In the parliamentary systems of several Commonwealth countries, such as the United Kingdom, Canada, Australia, India and Singapore, it is customary for the prime minister to appoint parliamentary secretaries from their political party in parliament to assist cabinet ministers with their work. The role of parliamentary secretaries varies under different prime ministers. The post has often served as a training ground for future ministers.
In the United Kingdom
In the United Kingdom, Parliamentary Secretary (in full, usually Parliamentary Under-Secretary of State in those departments headed by a Secretary of State) is the third level of government minister, below Minister of State and Secretary of State (or another minister of Secretary of State rank, such as the Chancellor of the Exchequer). Not all departments have all three levels of minister.
A Parliamentary Private Secretary (PPS), on the other hand, is a Member of Parliament who acts as an unpaid assistant to an individual minister, but has no ministerial role, although is expected to support the government at all times.
In the Commonwealth
In Australia, parliamentary secretaries are appointed in the federal government and most state governments. At the federal level, the Ministers of State Act 1952 provides for the Prime Minister to appoint a member from either house of Parliament to be a parliamentary secretary to a minister. The Act also provides that, for constitutional purposes, parliamentary secretaries are to be appointed as ministers of state, which enables them to be paid a salary. In practice, parliamentary secretaries are the third level of ministerial positions, after cabinet ministers (who are members of the Cabinet of Australia) and other ministers.

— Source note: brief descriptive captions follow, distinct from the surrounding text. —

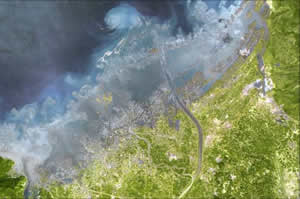 satellite imagery of the changed coastline of Banda Aceh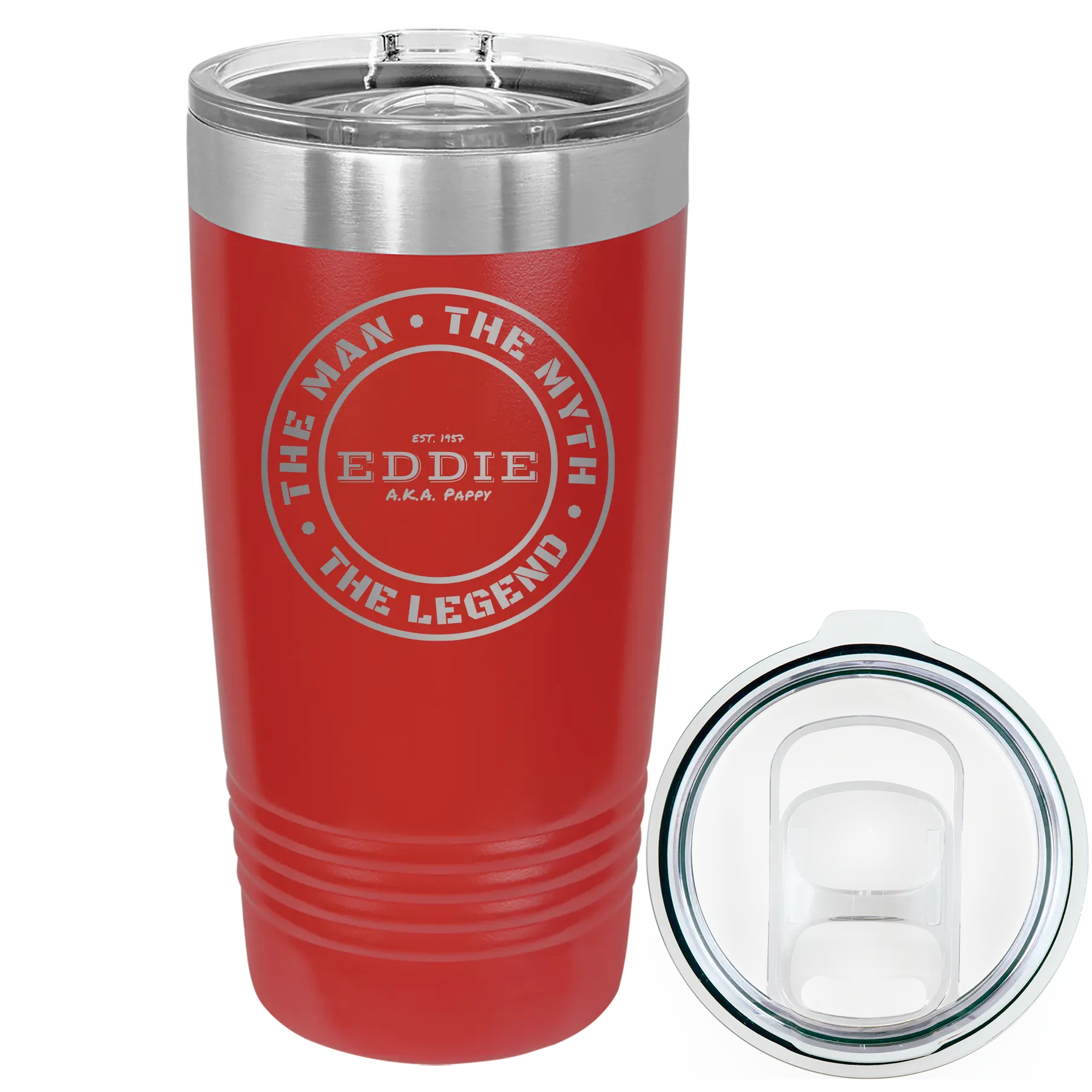Laser etched red 20 oz vacuum insulated tumbler with 'Man Myth Legend' design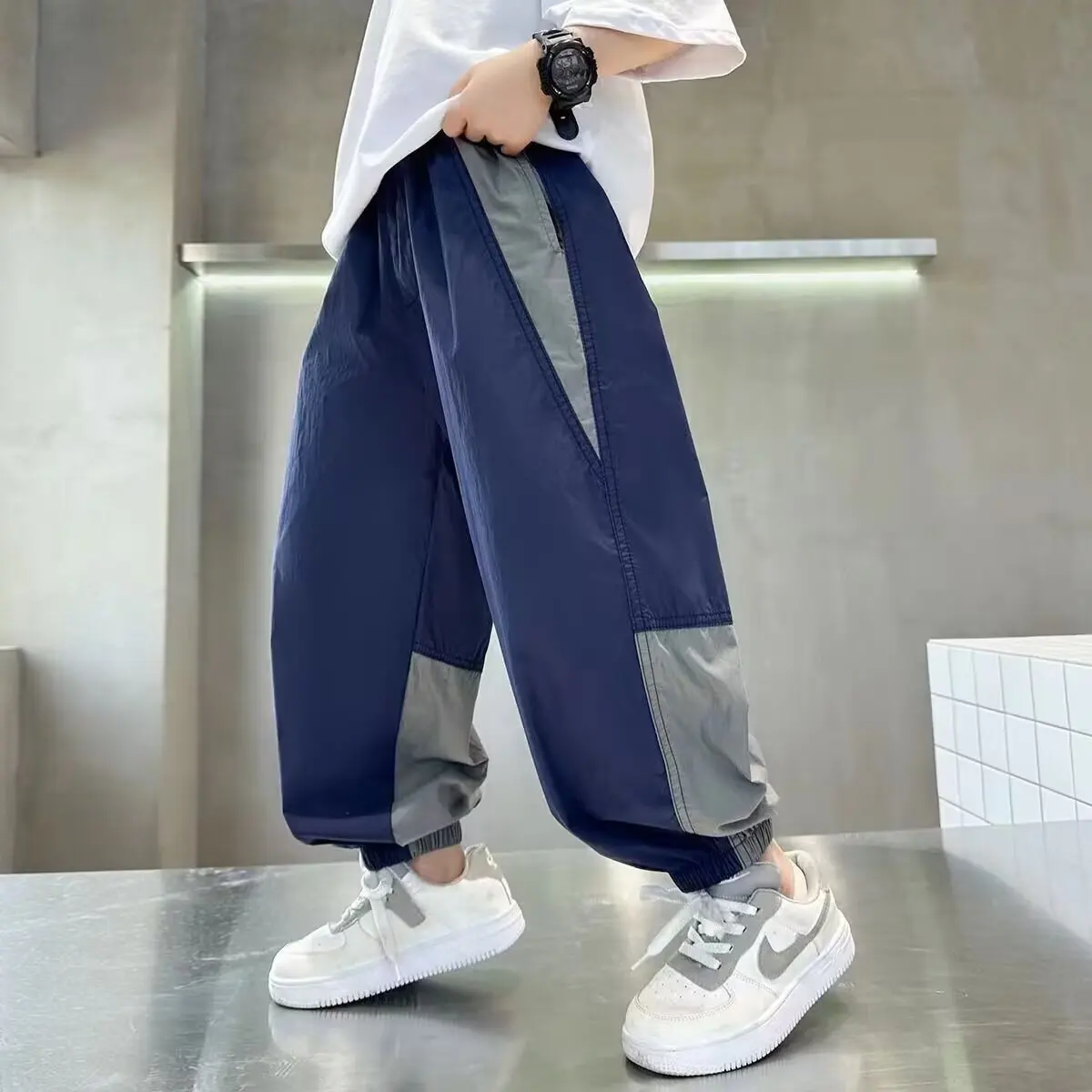 

Новый летний наряд, крутые и модные спортивные брюки, брюки от комаров для мальчиков, летние тонкие дышащие брюки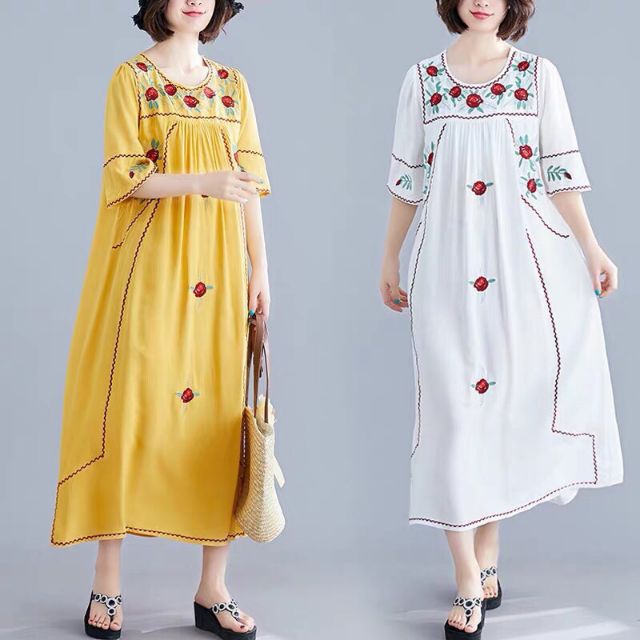 XIÊU MẪU THỜI TRANG Đầm suông thêu hoa tay loa viền thổ cẩm kiểu boheme vintage lên ngôi siêu hit hot : RẺ VÔ ĐỊCH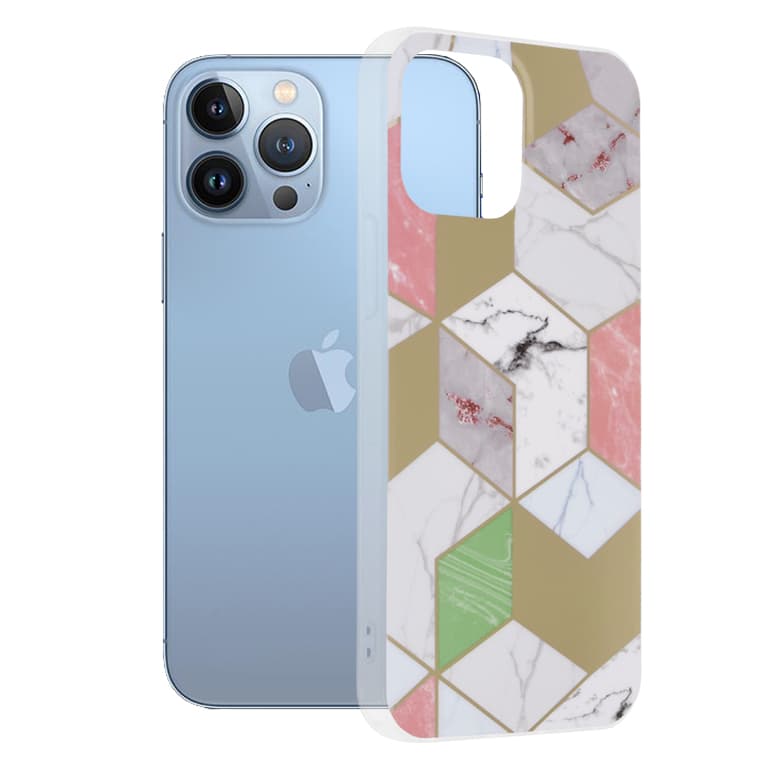 Techsuit Marble Series iPhone 13 Pro Max Fialový Hex - náhled 1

According to Paul Keating in 1993, "the institution of Parliamentary Secretary provides a very inexpensive means not only of giving talented individuals executive experience but providing Ministers with needed support." On 20 September 2015, Prime Minister Malcolm Turnbull announced that the title 'Parliamentary Secretary' is to be re-designated as 'Assistant Minister'.
During Jean Chrétien's term as Prime Minister of Canada, parliamentary secretaries were set to two-year terms and the post was used as a reward for weary backbenchers. Their duty was to answer questions and table reports on behalf of ministers when they were unable to be present in the house.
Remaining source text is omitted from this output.